Task statement: Set down every line from the one with "Map Of Eldos, Almaty, Kazakhstan, School" to the end of the entries, both ends included, exactly as it reads and without pictures.

(Dataset excerpts)
○ ○ ○
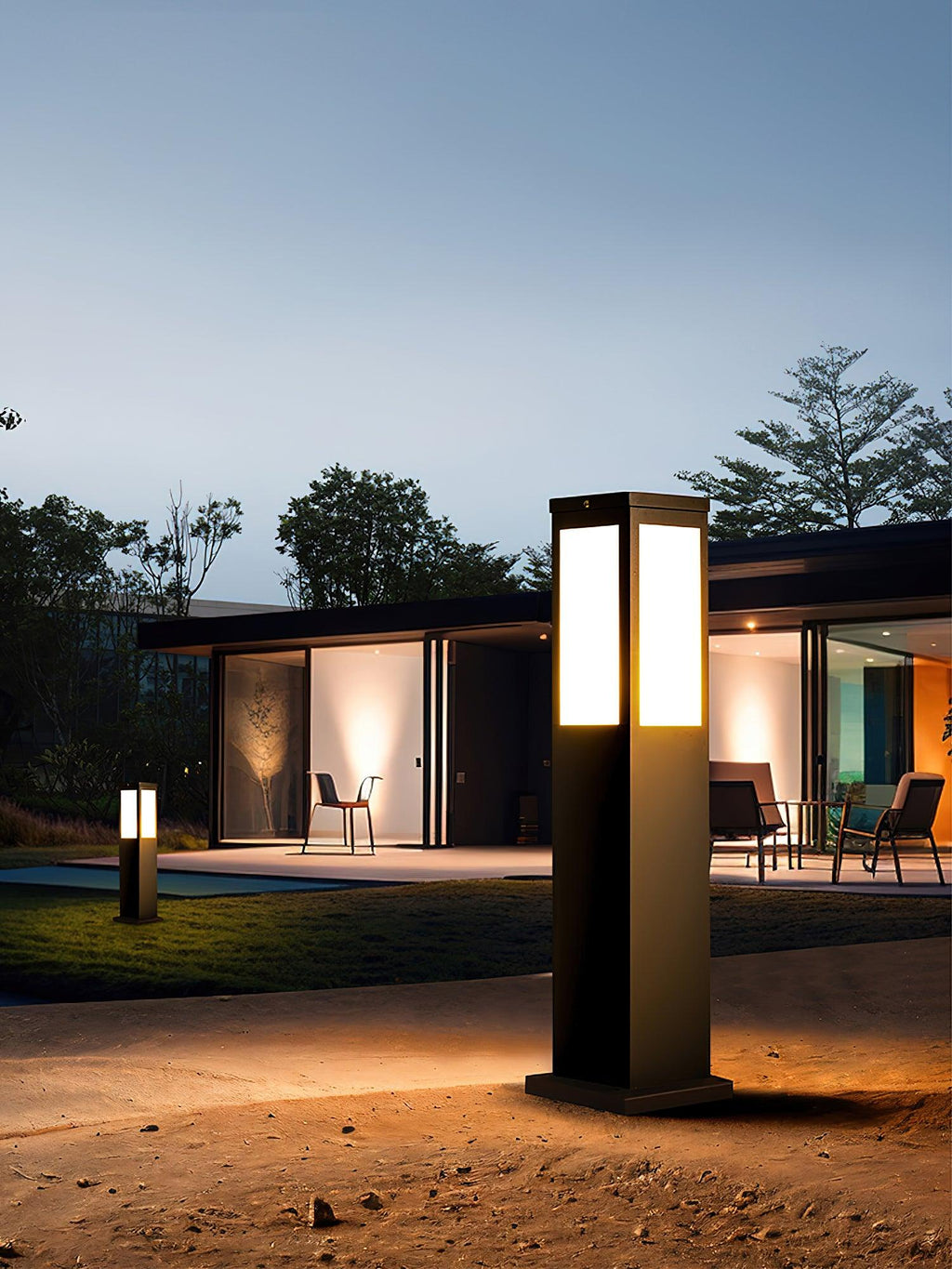 Kuzco Bollard Exterior Light, Outdoor Wall Light, detail 18
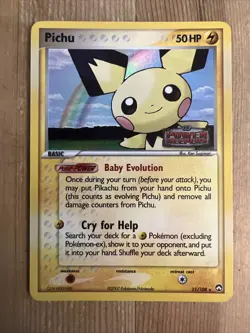 Pichu - 21/108 - Reverse Holo Rare EX Power Keepers Set - Pokemon Card - VLP - Image 1
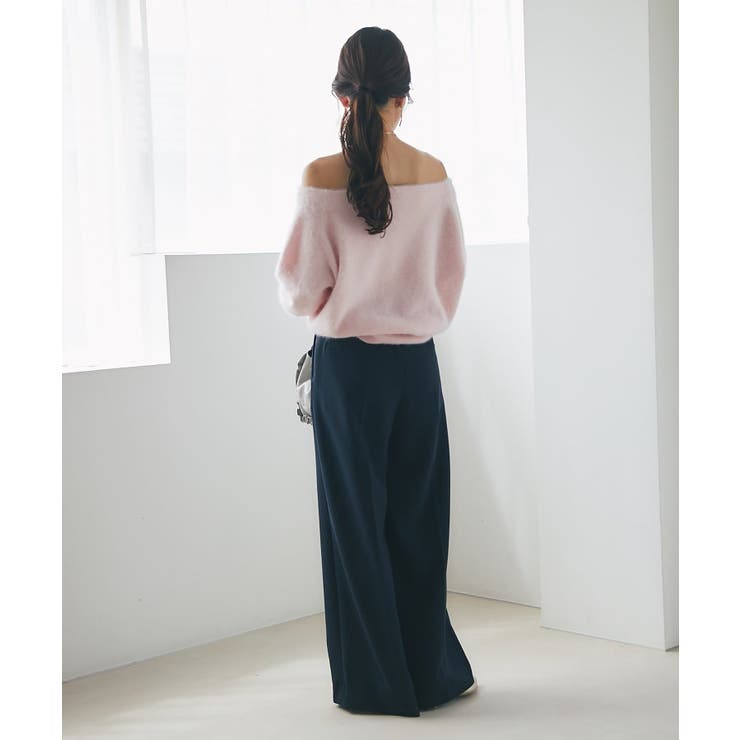 【La boutique BonBon】ヘアリーウールCA混オフショルKN | PAL GROUP OUTLET | 詳細画像25 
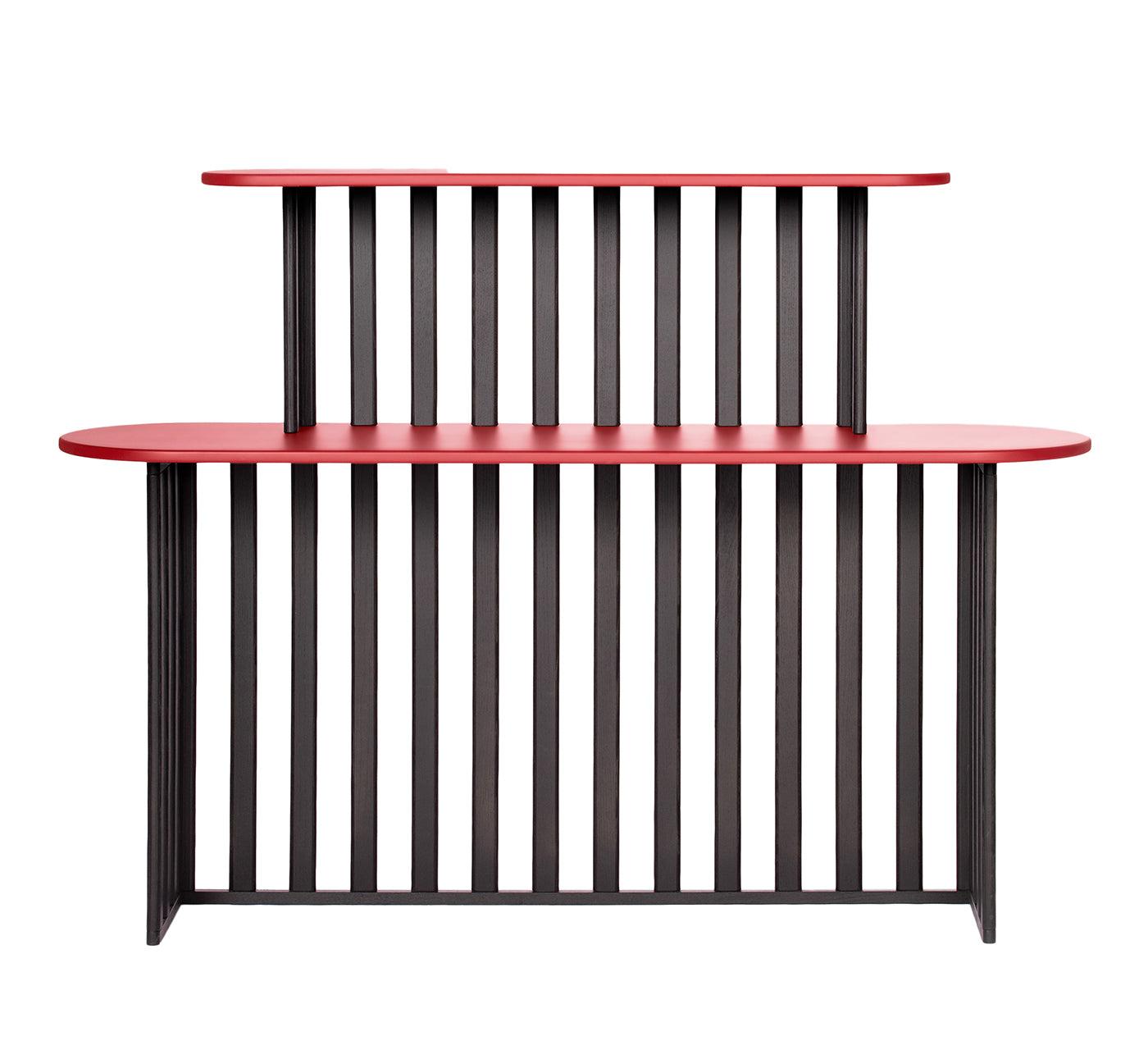 Черно-красная двухъярусная консоль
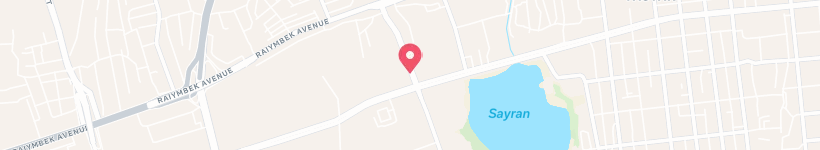 Map Of Eldos, Almaty, Kazakhstan, School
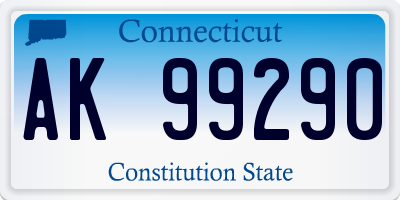 CT license plate AK99290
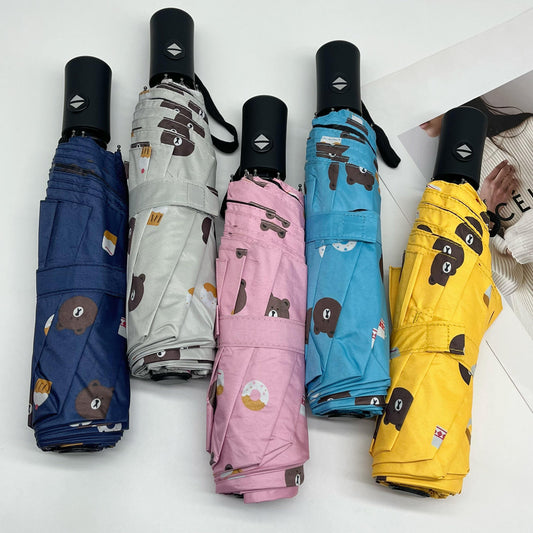 🐻 Sombrilla Automática Premium "Oso" | Diseño Personalizado & Ultra Resistente ☔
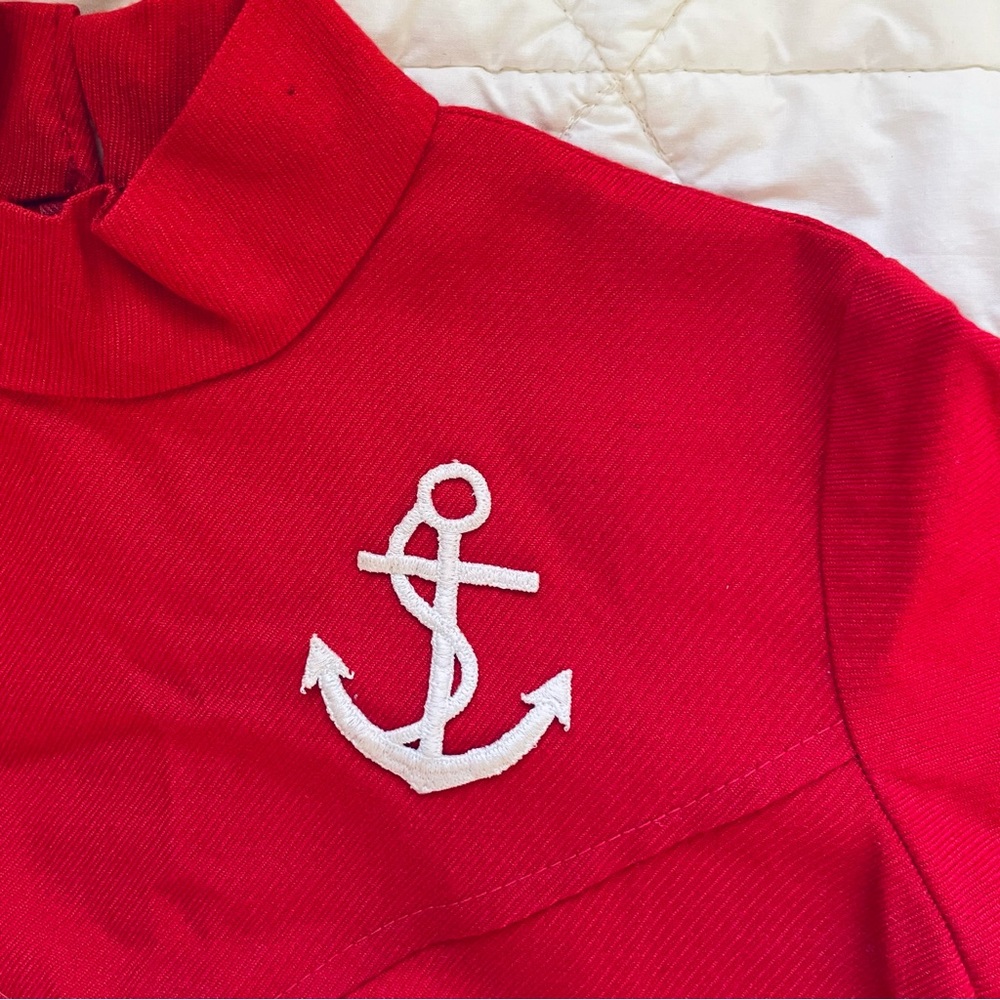 Girls Vintage Sailor / Cheerleader Dress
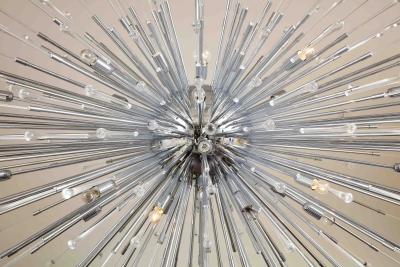  Venfield Custom Extra Large All Teardrop Sputnik Chandelier in Polished Chrome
○ ○ ○
Solution for this exercise:
 Map Of Eldos, Almaty, Kazakhstan, School
 CT license plate AK99290
 🐻 Sombrilla Automática Premium "Oso" | Diseño Personalizado & Ultra Resistente ☔
 Girls Vintage Sailor / Cheerleader Dress
  Venfield Custom Extra Large All Teardrop Sputnik Chandelier in Polished Chrome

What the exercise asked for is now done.